• Exercise goal: Could you transcribe exactly the lines below, from the line with "Massage Parlors Beijing, China" through the line with "Điều Ước Sủng", and nothing else, leaving out the pictures?
━━━━━ Dataset records
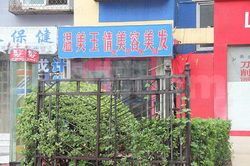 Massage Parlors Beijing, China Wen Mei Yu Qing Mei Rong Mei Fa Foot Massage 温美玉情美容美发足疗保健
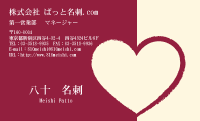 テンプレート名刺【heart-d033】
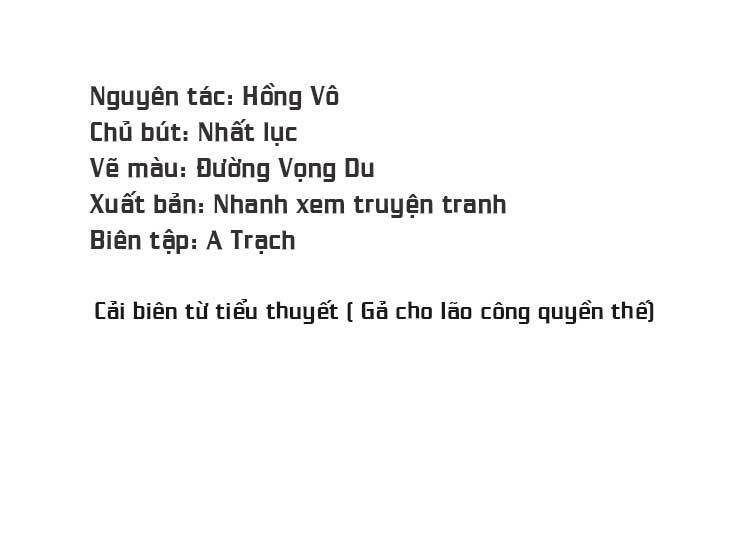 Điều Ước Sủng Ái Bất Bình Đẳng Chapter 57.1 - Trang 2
━━━━━━━━━━
━━━━━ Dataset records
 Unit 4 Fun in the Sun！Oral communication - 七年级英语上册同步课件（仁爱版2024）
━━━━━━━━━━
• Exercise result:
 Massage Parlors Beijing, China Wen Mei Yu Qing Mei Rong Mei Fa Foot Massage 温美玉情美容美发足疗保健
 テンプレート名刺【heart-d033】
 Điều Ước Sủng Ái Bất Bình Đẳng Chapter 57.1 - Trang 2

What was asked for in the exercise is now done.